The Sunday Times defended a cartoon by Gerald Scarfe depicting Israeli prime minister  Benjamin Netanyahu cementing a brick wall with Palestinians' blood after it was criticized by Jewish groups in the U.K. and United States as being anti-Semitic.

The Anti-Defamation League said the cartoon, published on Holocaust Memorial Day, featured classic themes used to evoke "the ancient 'blood libel' charge leveled at Jews."

"The Sunday Times has clearly lost its moral bearings publishing a cartoon with a blatantly anti-Semitic theme and motif which is a modern day evocation of the ancient 'blood libel' charge leveled at Jews," Michael A. Salberg, ADL international affairs director, said in a statement on Sunday.

Salberg told TheWrap on Monday that the Times' initial apologies were "woefully inadequate."

"The statement issued by the Sunday Times yesterday showed an appalling indifference to the criticism that was leveled against the cartoon," he told TheWrap. "This is about the need for the leadership of the Sunday Times to acknowledge the manifest anti-Semitic content and publicly apologize for it."
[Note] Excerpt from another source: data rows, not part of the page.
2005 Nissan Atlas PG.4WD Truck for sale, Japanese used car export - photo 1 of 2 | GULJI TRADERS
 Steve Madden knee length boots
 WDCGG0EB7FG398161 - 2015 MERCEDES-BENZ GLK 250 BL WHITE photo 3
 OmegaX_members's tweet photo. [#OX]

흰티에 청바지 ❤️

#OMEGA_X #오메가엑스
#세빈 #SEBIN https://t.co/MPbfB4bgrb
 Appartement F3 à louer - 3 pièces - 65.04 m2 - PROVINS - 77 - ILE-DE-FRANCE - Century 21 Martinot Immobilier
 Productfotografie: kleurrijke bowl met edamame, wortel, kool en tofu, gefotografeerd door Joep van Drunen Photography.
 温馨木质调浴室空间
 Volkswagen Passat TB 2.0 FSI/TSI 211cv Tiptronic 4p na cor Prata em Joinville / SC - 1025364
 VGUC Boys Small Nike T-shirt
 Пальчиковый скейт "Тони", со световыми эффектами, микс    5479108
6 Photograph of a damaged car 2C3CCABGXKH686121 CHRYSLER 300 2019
The Board of Deputies of British Jews said in a statement that it complained to the Press Complaints Commission, an independent organization that deals with the public's issues with media depictions and the press.The Times, News Corporation's flagship broadsheet in Britain, said the cartoon criticized the conservative prime minister and his policies and did not make a broad statement about Jews or Israel.

"It is aimed squarely at Mr Netanyahu and his policies, not at Israel, let alone at Jewish people. It appeared yesterday because Mr Netanyahu won the Israeli election last week," the paper said in a public statement on Monday. "The Sunday Times condemns antisemitism, as is clear in the excellent article in yesterday's magazine which exposes the Holocaust-denying tours of concentration camps organised by David Irving."

It's not the first time in recent months that News Corp. has had to defend itself against  charges of anti-Semitism.

Last November, CEO Rupert Murodoch asked on Twitter, "Why Is Jewish owned press so consistently anti-Israel in every crisis?"

The tweet played into the old anti-Semitic charge that Jews control the media. Many of the media mogul's 400,000 followers immediately called him out for it, spurring his apology.

"'Jewish owned press' have been sternly criticised, suggesting link to Jewish reporters," Murdoch tweeted. "Don't see this, but apologise unreservedly."